All L-V relationship variables (L0, v0, Aline, and S) obtained from the modified multiple-point method at 70% and 80% 1RM showed nearly perfect correlation (r = 0.911 to 0.983) with the standard method and from trivial to small change (ES = −0.45 to 0.59). However, the modified multiple-point method at 40% (r = 0.370 to 0.719 and ES = −0.81 to 1.97) and 60% (r = 0.748 to 0.838 and ES = −0.62 to 0.94) did not meet the criteria (Table 2). ANOVA indicated significant systematic errors compared with the standard method for all variables and all modified multiple-point methods (F ≥ 8.822, p ≤ 0.001).
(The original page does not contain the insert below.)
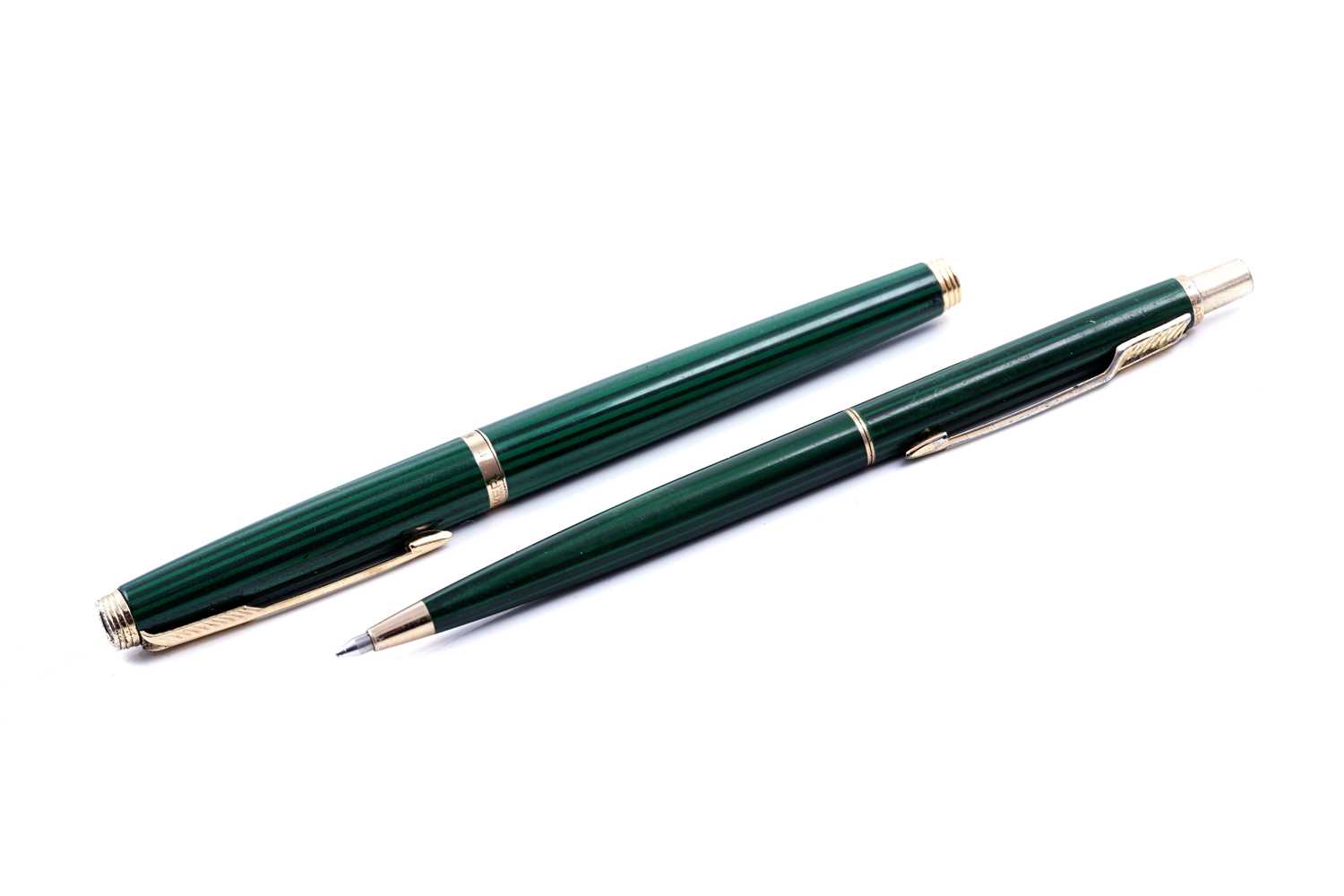 Lot 477 - A Parker fountain pen and ballpoint pen set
All L-V relationship variables obtained from the two-point method at 90% 1RM showed very large correlations (r = 0.810 to 0.866) with the standard method and small change (ES = −0.37 to 0.46) compared with the standard method. Only the v0 with the two-point method at 70% and 80% 1RM showed very large correlations (r = 0.775 to 0.816) and small change (ES = −0.47 to −0.16). The remaining variables showed moderate to very large correlation (r = 0.227 to 0.872) and small to large change (ES = −0.46 to 1.63), which did not meet the criteria (Table 3). ANOVA indicated significant systematic errors compared with the standard method for all variables and all two-point methods (F ≥ 2.309, p ≤ 0.050).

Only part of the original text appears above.